Creating a portfolio

bn_dsc_0023In just over a month, I will be presenting my portfolio at the Review Santa Fe event, perhaps the biggest event of my career so far. And I’m procrastinating in creating the portfolio. Of all the photographs I’ve taken for this project (almost 3000) I have to pare it down to 15-20 prints that best portray the work. I tend to get overwhelmed by the scope of it, and whenever I get overwhelmed by a project, I think back to an undergrad rhetoric teacher who told me this story.

There was a writing teacher who assigned his class an essay about their home town – write about the place you live, tell us what it’s like.
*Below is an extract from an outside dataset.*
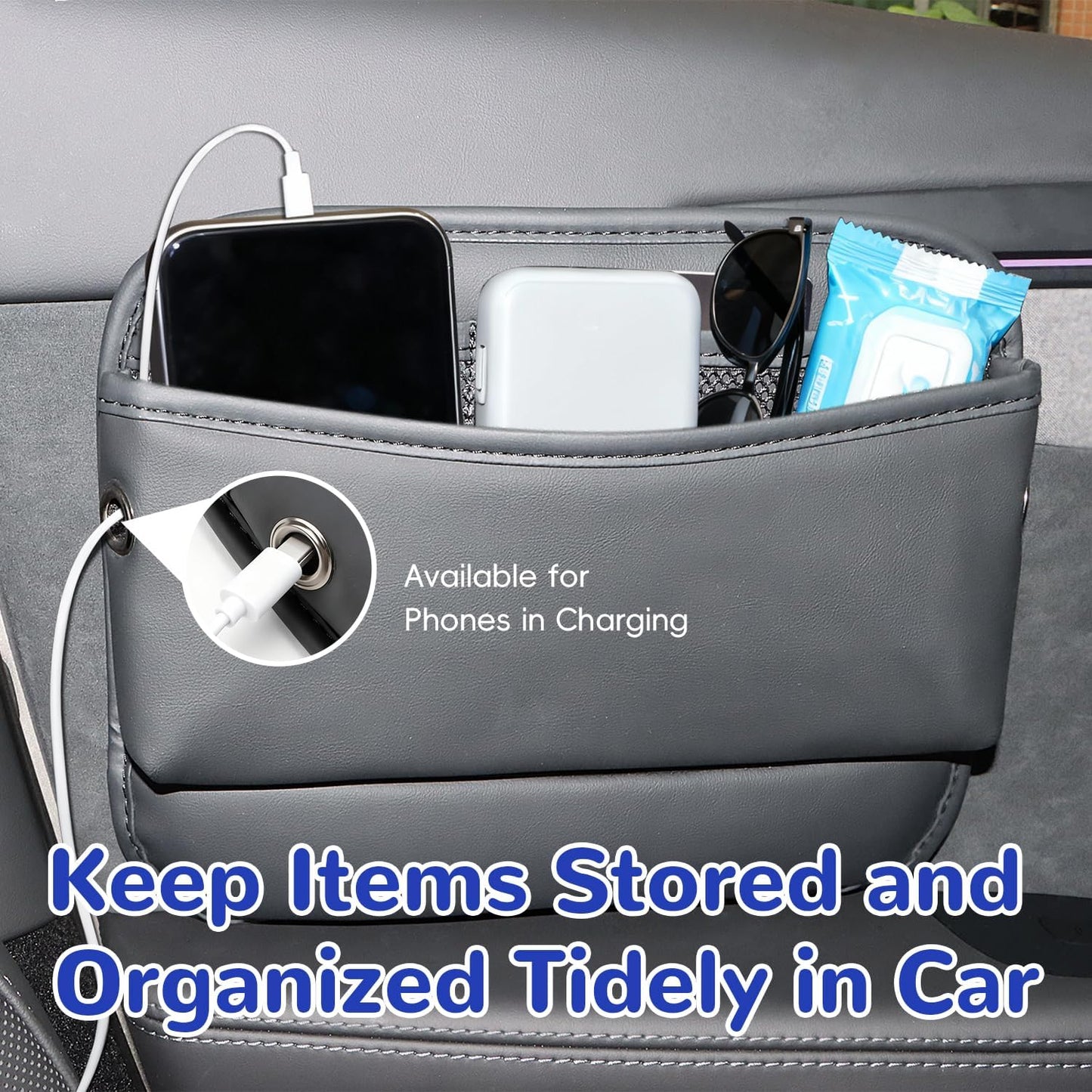 MARCHFA Car Seat Side Pocket Organizer Car Pocket Pouch for Seat, Door, Console, Car Seat Gap Filler Organizer Multifunctional Car Organizer Accessories for Phone Sunglasses Keys Cards (Large)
There was one student who came to him and said “I come from a small town – there’s nothing to write about.” So the teacher told the student to instead write about the street on which she lived. Confused, the student left, tried to think of something and came back to the teacher. “If I can’t write about my small town, how can I write about just one street in that town?” The teacher said “Well, try writing about your house.” The student complained that there was nothing to write about there either, so the teacher, in a final attempt to pull something out of this student, told her to write about the uppermost brick on the left side of the chimney of her house. The student handed in a 20 page essay.

Granted, this story’s moral speaks for itself, but it comforts me and provides me with a path to follow when 3000 negatives are sitting there, each one pleading to be included. Narrow down your focus, pick something that limits your scope so that you can fully explore that small portion of your whole work. 

Skulls. They make up a small portion of the work, maybe 25-30 prints, but they stand out as some of the most exciting. Skulls are obviously very rich in mythology and philosophy, and would make for a tight, focused portfolio into which I can add two or three other prints to show the wider spectrum. Ray Bandar, a researcher from San Francisco, has collected skulls for over 50 years. Hamlet holds a skull as he ponders the essence of life. Georgia O’Keefe saw beauty in skulls. It’s the perfect portfolio for me.